Putting a price on nature

But for all the distinctions between nature and climate investment, just as in climate, investors will never integrate nature into their portfolios at scale if it equates to lower returns.

The problem is that biodiversity loss is still taken for granted. Valuing nature to a point where the market prices it into a risk adjusted return, coming up with a value proposition for flora and fauna or peat land for example, still feels years away.

Rather than wait for the world to try and solve this complex problem, Kernohan suggests investors put capital to work in one tangible project at a time. This way they can tick off low hanging fruit and find opportunities with real and immediate impact.

Witness how mangrove wetlands on a coastline provide protection from storm surges and hurricanes, he suggests. “You can value mangroves that come with their own biodiversity as a trade off against the catastrophic loss caused by a hurricane. What is the price we incurred by not having nature protect us?”

He is also encouraged by progress in the carbon market where a forest can now be managed for wood and paper outputs, or as a carbon store. “Three years ago, carbon wasn’t valued highly enough to compete as an investment, but this has now changed,” he says.

In another example, the UK government’s high-profile dispute with global investors about the value of water suggests that pricing nature is finally climbing the political agenda.

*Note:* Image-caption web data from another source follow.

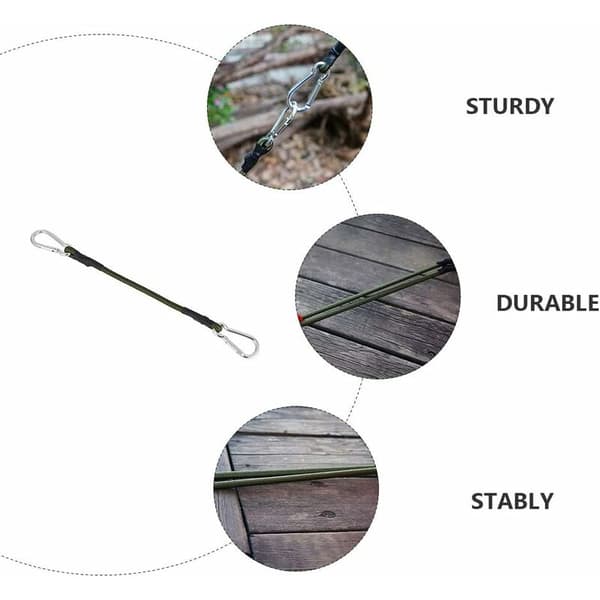 Elastisk Bungee-snodd med dubbla krokar 90 cm lång spännrem Bagage Camping Motorcykel 2-pack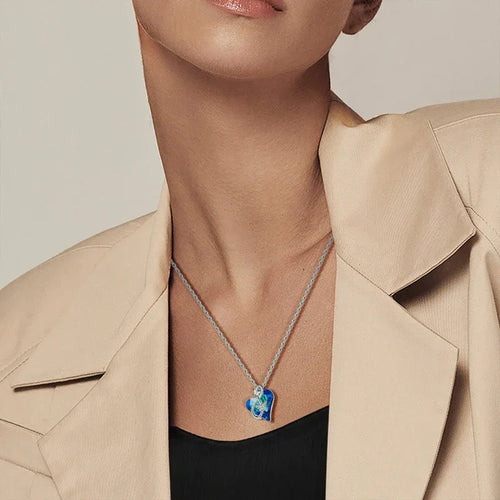 925 Sterling Silver Blue Crystal Heart & Butterfly Necklace Necklaces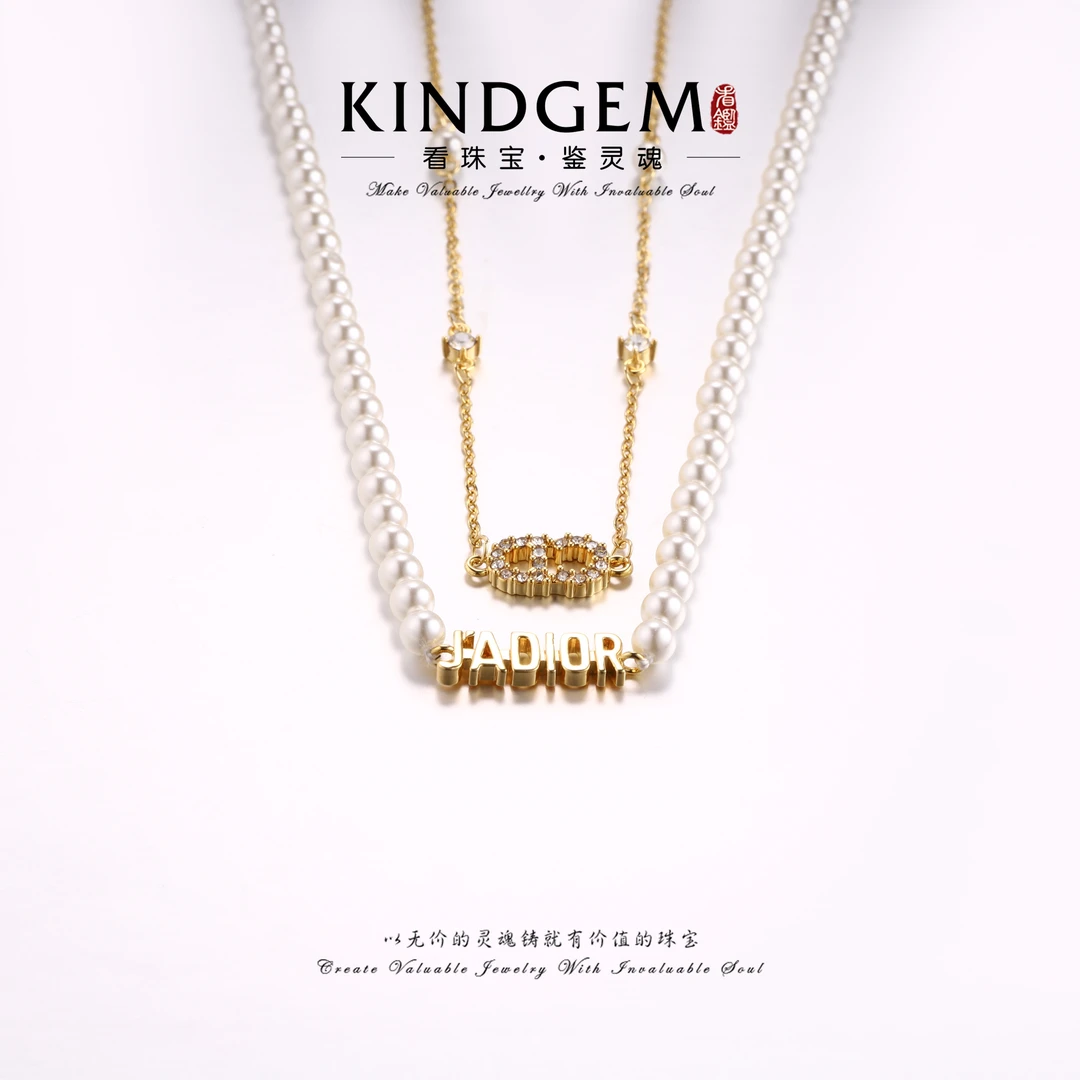 铜合金仿珍珠项链 轻奢精致珠珠叠戴百搭坠链项链（46cm）C-32869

Investors including C$133 billion Ontario Municipal Employees Retirement System (OMERS) and £75 billion British Universities Superannuation Scheme (USS) cut their losses in troubled UK water utility Thames Water because of demands from Britain’s regulatory authority, OfWat, that they reduce their returns below the cost of capital.

It’s a similar story in Sweden, where Florén argues investors can’t make enough profit because Swedish regulation decrees water infrastructure can only be self-financing. Meanwhile, waste and over-consumption increase because water is cheap.

“The population is not used to paying for water,” he says. “When things are free there is too little investment and over consumption. If there is no financial interest, problems are difficult to solve, and this is also visible in the tragedy of the commons.”

Regulatory risk

The issue reveals how regulatory risk is now a key risk for investors in natural capital. USS recently said its losses in Thames water have shaped its approach to other regulated utilities, calling on the government to recognise the need for investment, and strike a fair balance between risk and returns over the long term.

Moreover, because the concept of investing in nature is new, regulatory frameworks are bound to evolve and change. As the EV sector shows, regulatory course corrections are inherent at the intersection of government and new sectors and concepts, says Manulife Investment Management’s Kernohan.

“Investors will have to consider the risks that the government introduces in the way they manage the regulation,” he says.

Yet in a Catch-22, regulation is also essential: the market won’t find a value for nature without it.

In some ways the regulatory landscape is starting to evolve. AP7’s Florén welcomes the EU ETS, the world’s first carbon market, and notices a new regulatory impetus coming out of Europe from tree planting to river restoration.

Other investors agree.

“If governments send the right signal, the market will respond,” says Douglas, who stresses regulators should incentivise not punish.

Regulation, says Kernohan, could involve policymakers taking stock of natural capital at a government level to understand if it is increasing or decreasing.

“Perhaps they could do it in the same way as they measure GDP,” he concludes, reflecting on what the future could look like.

“Governments could create a metric that is an indicator of natural capital wealth and allows it to track natural capital. Natural capital underpins economies, but it has become an externality and an input to growth whereby nature actually declines at the expense of a single financial metric, GDP.”